Nissan has been paring back costs since 1999, when France’s Renault SA bought a $5.4 billion stake in the Tokyo-based automaker and installed Chief Executive Carlos Ghosn to turn things around. Ghosn’s two-pronged approach reinvigorating the product lineup while searching for inefficiencies has brought Nissan from the brink of bankruptcy to become the fastest-growing Japanese car maker.


“There is a study going on right now involving the possible move of Nissan’s headquarters,” spokesman Fred Standish confirmed last week. “We’re not leaving any stone unturned.”


The incentive package taking shape will likely be in the tens of millions of dollars in tax and energy rebates, traffic improvements and work training.

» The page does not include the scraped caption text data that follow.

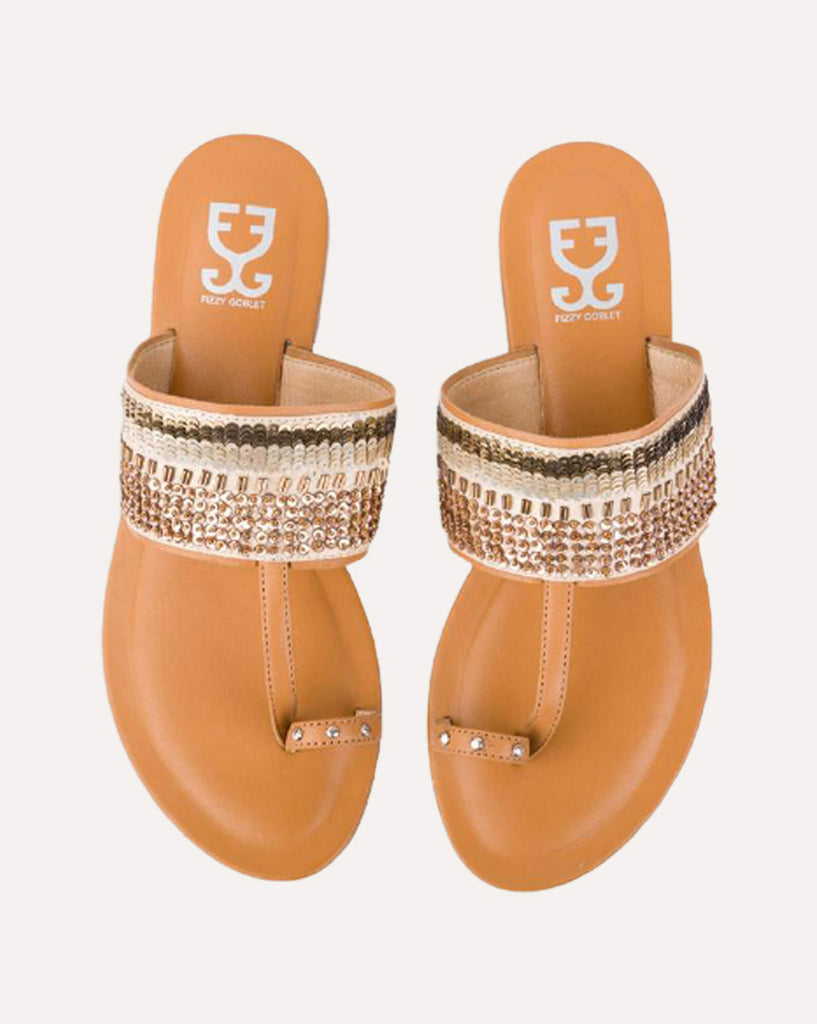 Cosmopolitan : Kolha Flats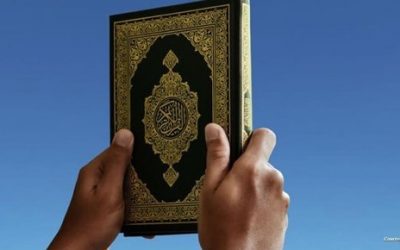 البرلمان الدنماركي يقر قانونا يحظر إحراق القرآن الكريم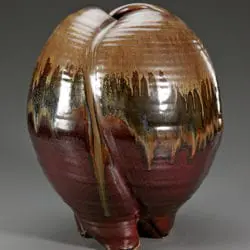 ACF18-Tell-Matthew-4-15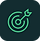 Group 2131ss332625.png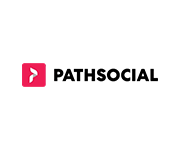 Path Social Coupons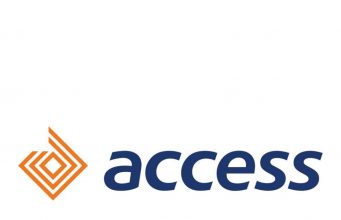 Access Bank promotes employees, transits to Holdco structure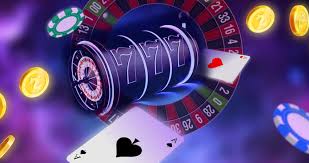 Non Gamstop Casinos UK Exploring Your Options Non Gamstop Casinos UK Exploring Your Options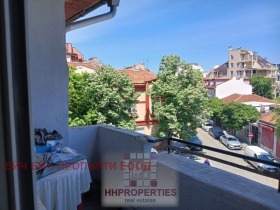 1 chambre Karchiyaka, Plovdiv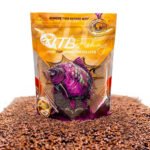 PELETE VTBFISHING PRO WIN EFICIENT 2-3MM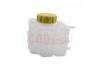 Expansion Tank:S12-1311110BA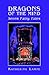 Dragons Of The Mind: Seven Fairy Tales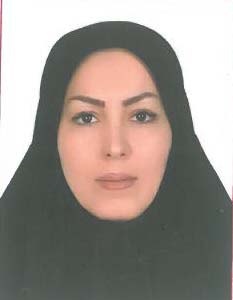 وکیل محیا پژوهان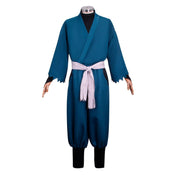 Gabimaru Cosplay Costume Custom Sizes AdoreHomeStudio™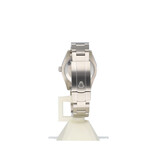 Rolex Oyster Perpetual 31 steel silver explorer pink - RANDOM SERIAL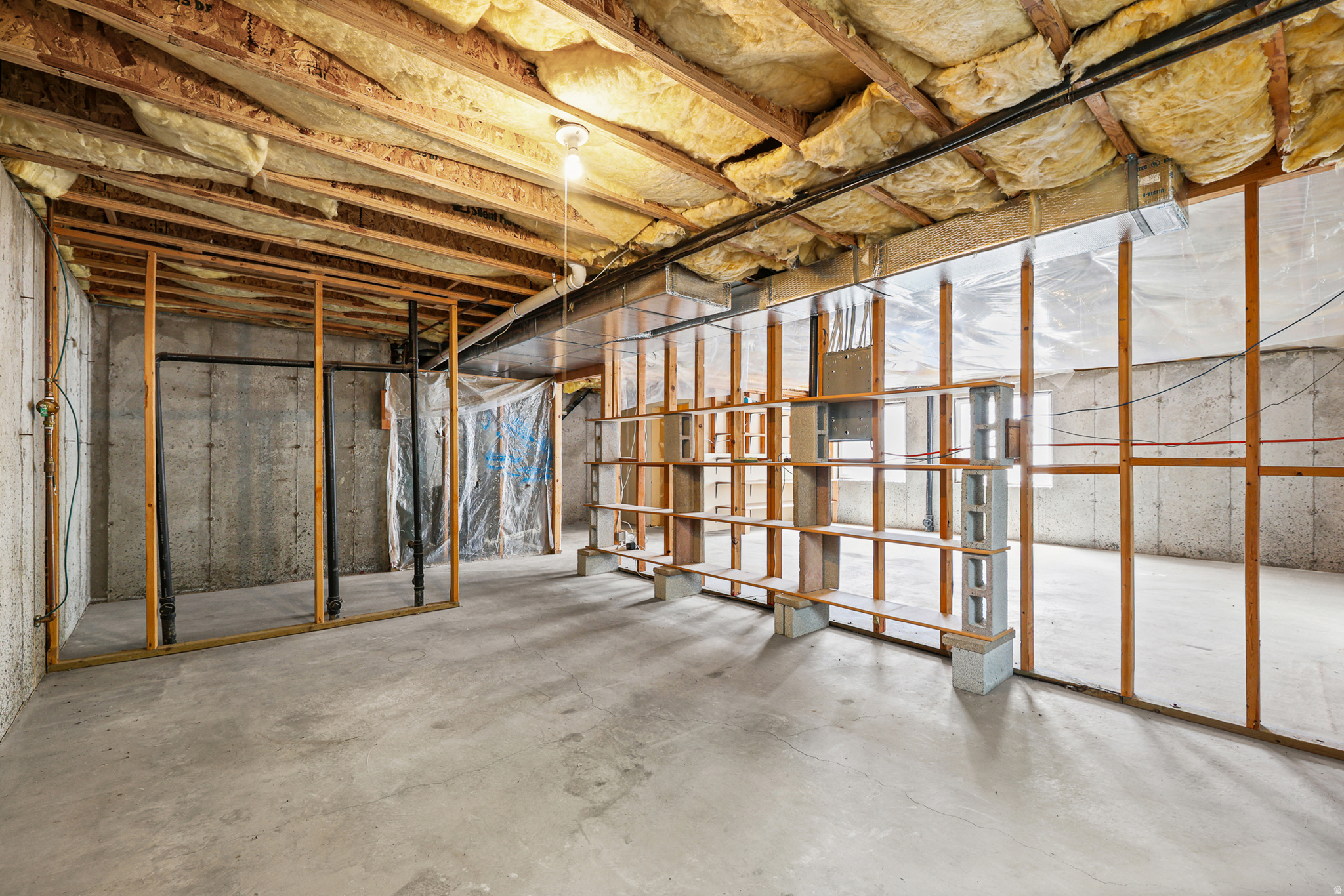 PEBBLEWOOD - Residential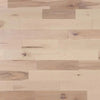 Lauzon Décor Exclusive Engineered Lodge Hard Maple Louisville 5 3/16"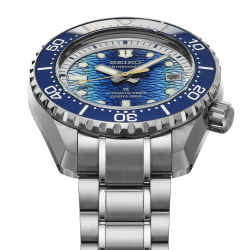 Seiko HBF002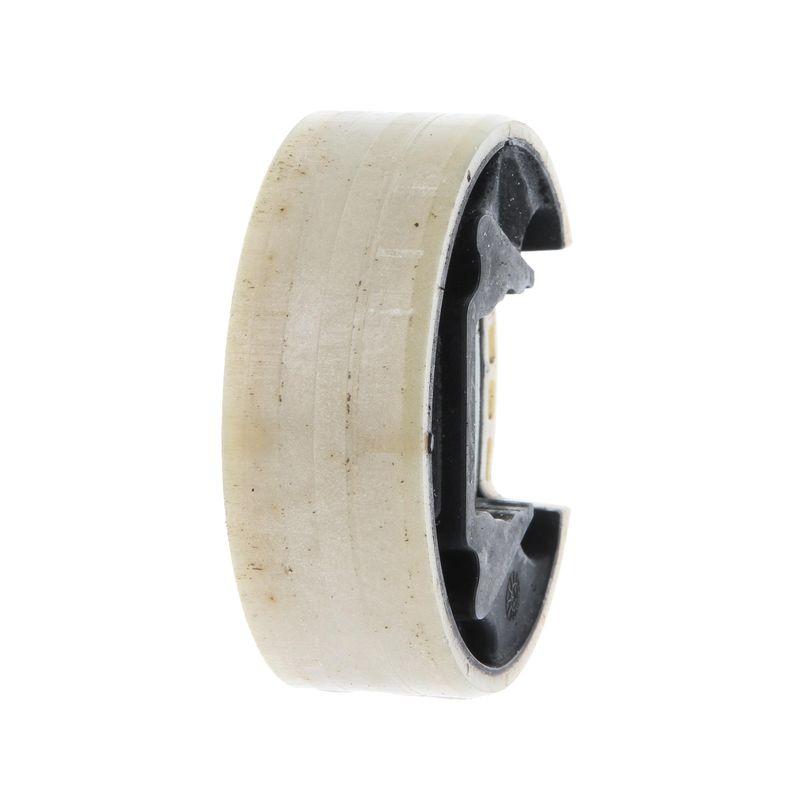 Support moteur CORTECO 80001310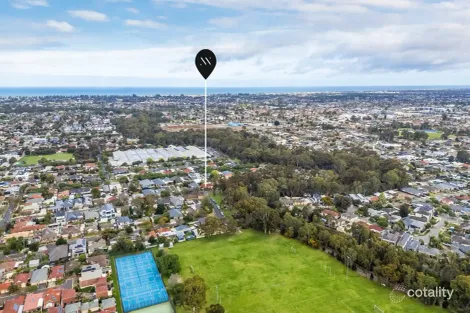 Property photo of 78 Autumn Avenue Lockleys SA 5032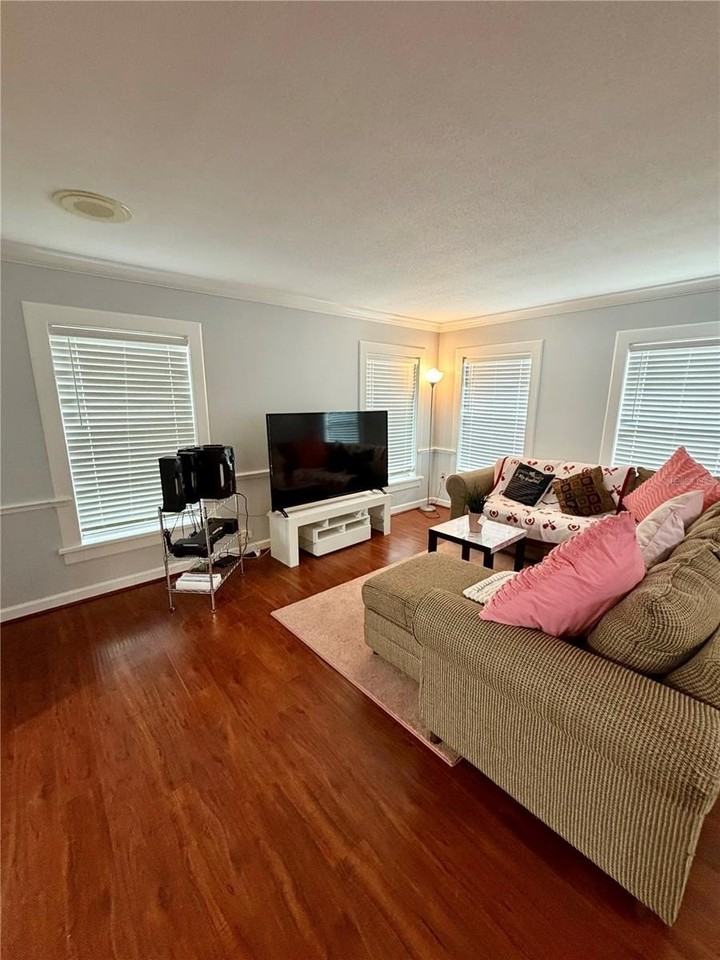 235 Hartridge Hills Dr - Photo 6 of 26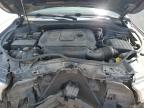 2017 Dodge Durango Citadel zu verkaufen in Phoenix, AZ - Front End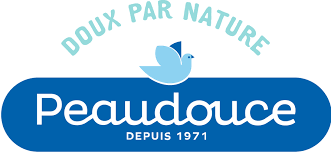 Peaudouce logo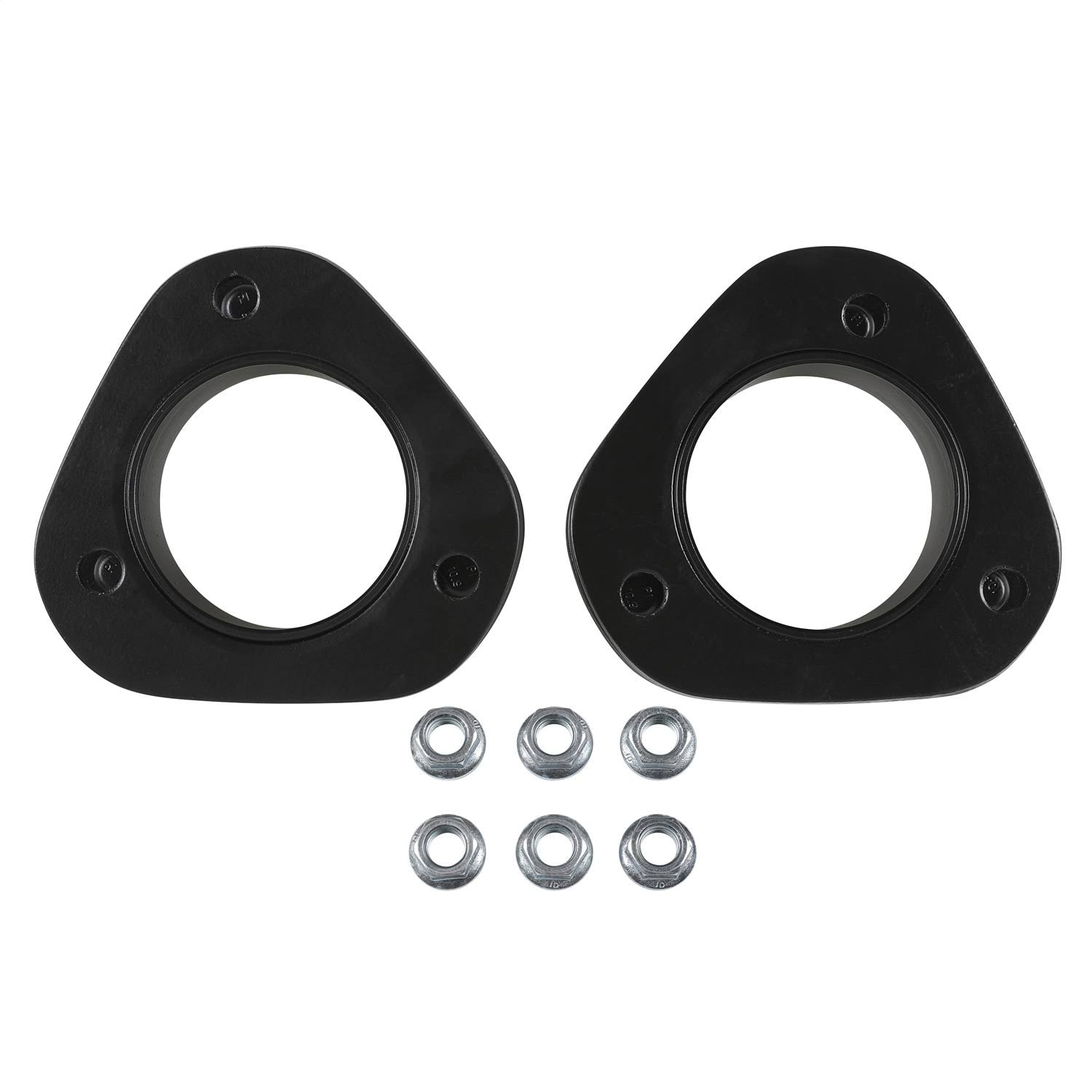3 inch Leveling Lift Kit W16747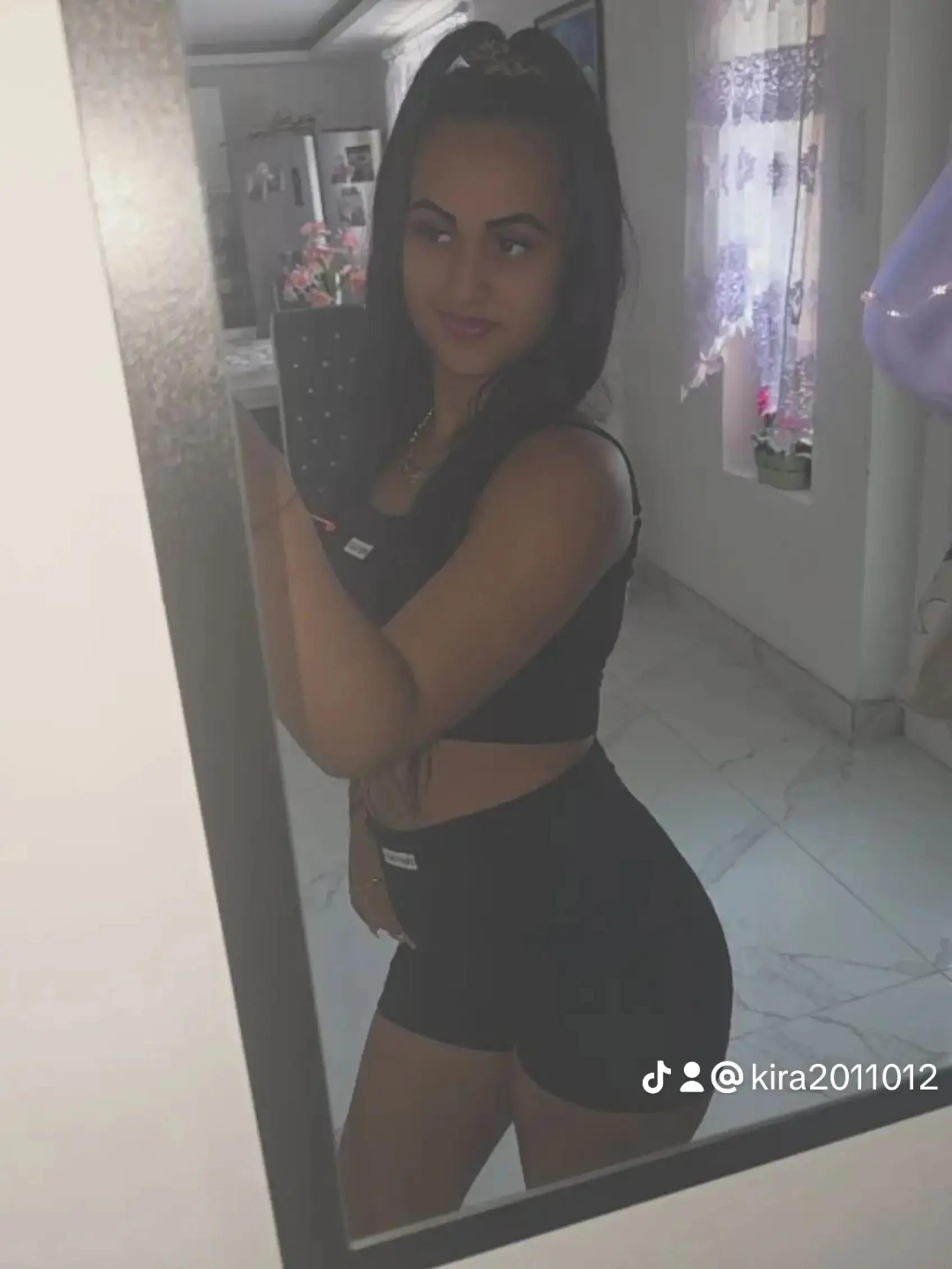 @Kira20110124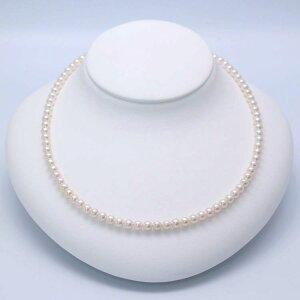 xr[p[lbNX 4.5mm zCgsN ^ ^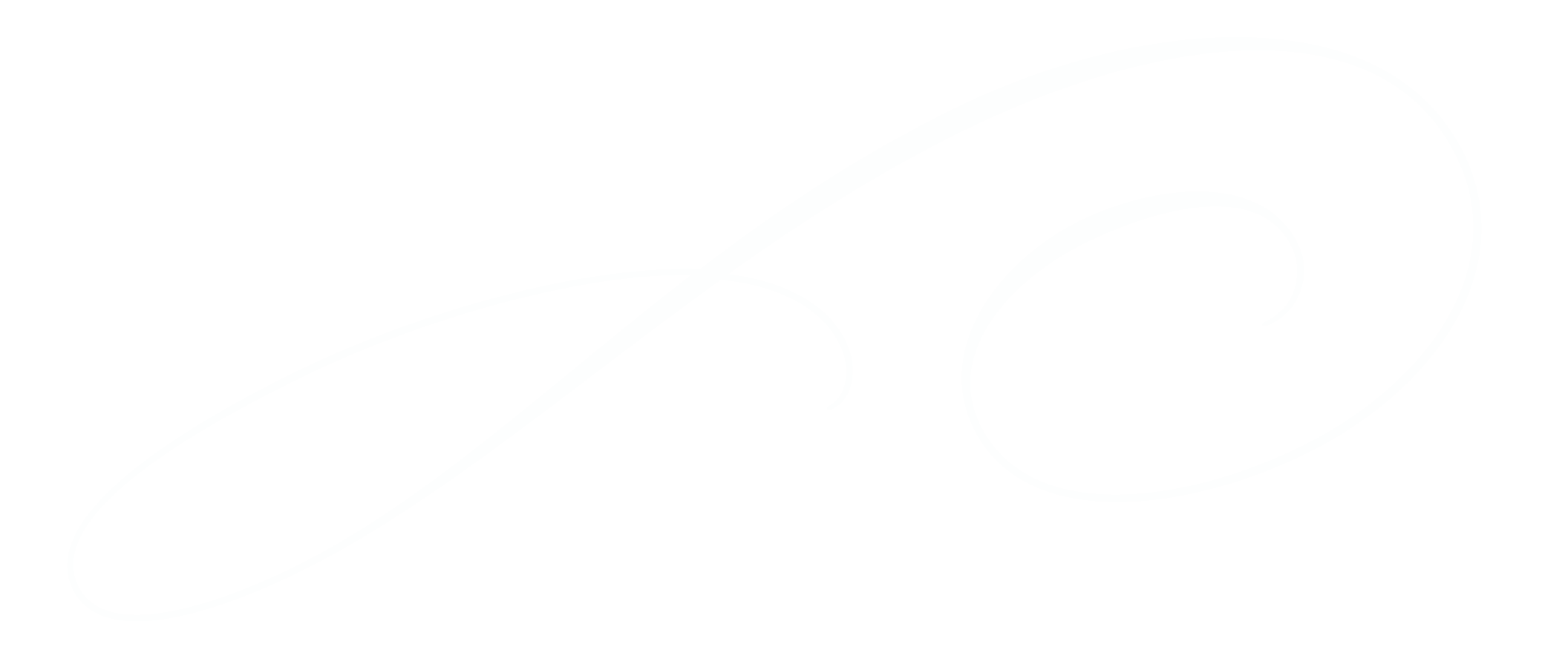 White mathematical equations and symbols on black background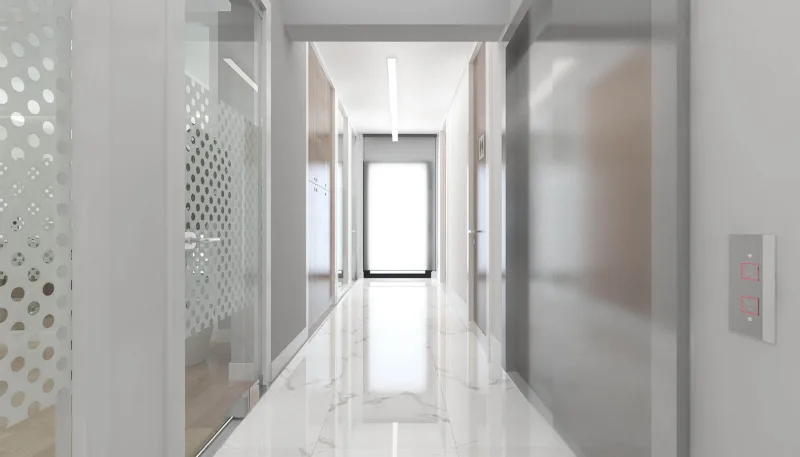Office decors, Accountant office, Office design ankara, Manager office, Law office design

But auto analysts question whether it will be enough to keep Nissan from moving to Smyrna, Tenn.


Nissan has its finance company in Dallas, and its purchasing division and biggest plant already are in Smyrna. Nissan’s design center, the key element in keeping up with Southern California’s auto industry trends, is in La Jolla.


“Even if they move the corporate headquarters out, they won’t lose that,” said Bob Kurilko, vice president of corporate strategy at Santa Monica-based automotive research firm Edmunds.com.


Locally, there is concern that other Asian carmakers with U.S. headquarters in Southern California might find Nissan’s strategy a desirable model. “The Japanese business community in Southern California is watching this closely,” said Jack Kyser, senior economist for the Los Angeles County Economic Development Corp., which is leading the effort to keep Nissan in place.


Other players in the effort include the L.A. County Board of Supervisors, Southern California Edison Co., the City of Carson and the Workforce Investment Board, which administers funds locally for the U.S. Department of Labor. The group plans to present the package to Nissan this week.


Nissan established its Gardena center in 1960, two years after it started selling Datsun cars in the U.S. It became Nissan’s U.S. headquarters in 1990. There are 12 buildings on a campus that sits at the crossroads of Gardena, Carson and Los Angeles.


Beyond bottom-line considerations, a move out of Southern California could have long-term impacts. “They’d be taking away this amazing, creative, forward-thinking office,” said Rebecca Lindland, associate director of North American auto sales at research firm Global Insights Inc. in Boston. “They would lose so many people who could go anywhere else Hyundai, Kia, Mazda, Toyota, Honda, Mitsubishi. There are countless opportunities in L.A. I really think they’ll stop and re-evaluate.”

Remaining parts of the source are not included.